What is needed: Among the entries below, the lines from the one with "House sale sign" up to and including the one with "A black and" are to be restated exactly, without pictures.

Supplied records:

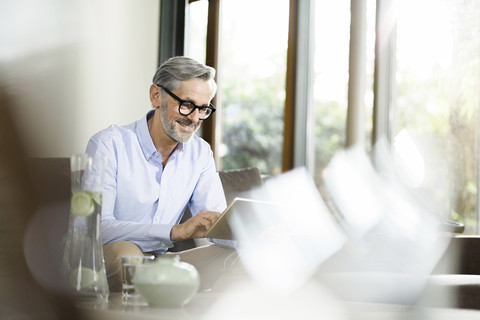 Mann sitzt im Wohnzimmer und benutzt ein Tablet, lizenzfreies Stockfoto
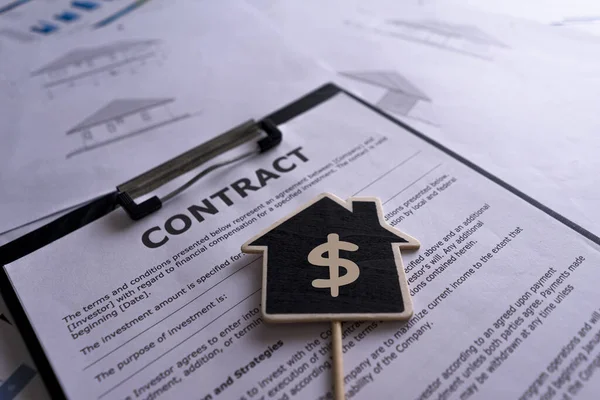 House sale sign with the home purchase contract, calculator, house key, price house paper, home design document.
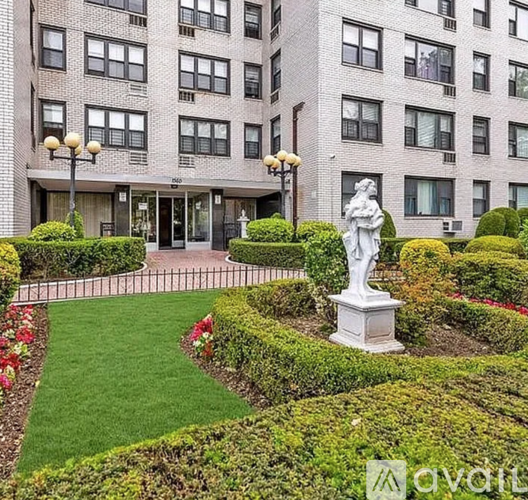 A statue of a woman holding a child is in the middle of a garden with a building in the background.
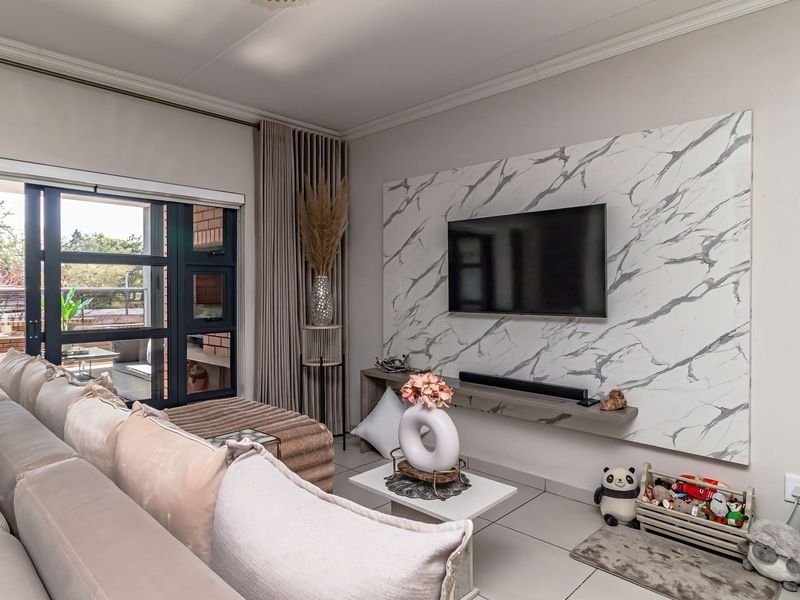 A well-maintained living room featuring a modern marble-effect feature wall, tiled flooring, and large sliding glass doors leading to an outdoor patio area.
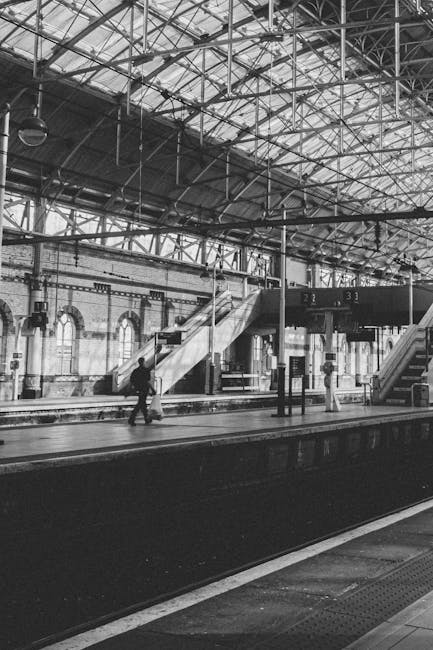 A black-and-white photograph of Anerley station, showing the interior with a high, arched metal roof structure supported by beams and girders. The station platform is visible with a few passengers, including one man walking with a small wheeled trolley, and another standing nearby. The platform features a staircase leading to an upper level and additional stairs ascending to the left, with platform signage displaying platform numbers 2 and 3. Adjacent to the platform, a row of large windows lets in natural light, illuminating the space. Tracks run parallel to the platform in the foreground, and the overall environment is typical of an urban train station used for home relocation tasks, furniture transport, and luggage movement. The scene captures the logistical process of loading and unloading belongings in a tenant or homeowner moving context, supported by Man with Van Crystal Palace as a professional removals service.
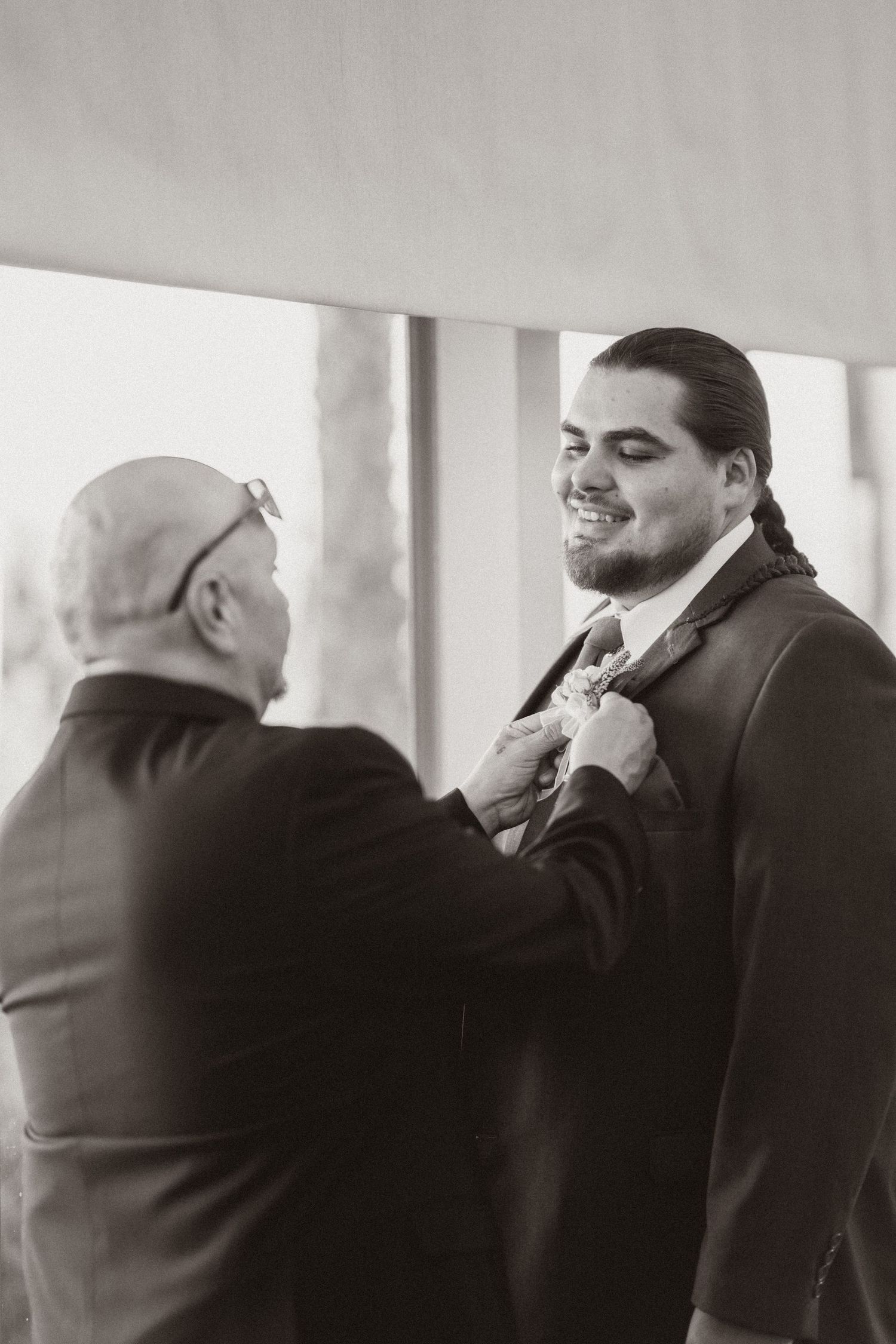 A black and white photo of someone helping adjust another person's boutonniere before a formal event.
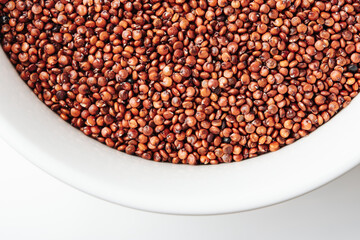 Red quinoa seeds in a white bowl.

Response:
 House sale sign with the home purchase contract, calculator, house key, price house paper, home design document.
 A statue of a woman holding a child is in the middle of a garden with a building in the background.
 A well-maintained living room featuring a modern marble-effect feature wall, tiled flooring, and large sliding glass doors leading to an outdoor patio area.
 A black-and-white photograph of Anerley station, showing the interior with a high, arched metal roof structure supported by beams and girders. The station platform is visible with a few passengers, including one man walking with a small wheeled trolley, and another standing nearby. The platform features a staircase leading to an upper level and additional stairs ascending to the left, with platform signage displaying platform numbers 2 and 3. Adjacent to the platform, a row of large windows lets in natural light, illuminating the space. Tracks run parallel to the platform in the foreground, and the overall environment is typical of an urban train station used for home relocation tasks, furniture transport, and luggage movement. The scene captures the logistical process of loading and unloading belongings in a tenant or homeowner moving context, supported by Man with Van Crystal Palace as a professional removals service.
 A black and white photo of someone helping adjust another person's boutonniere before a formal event.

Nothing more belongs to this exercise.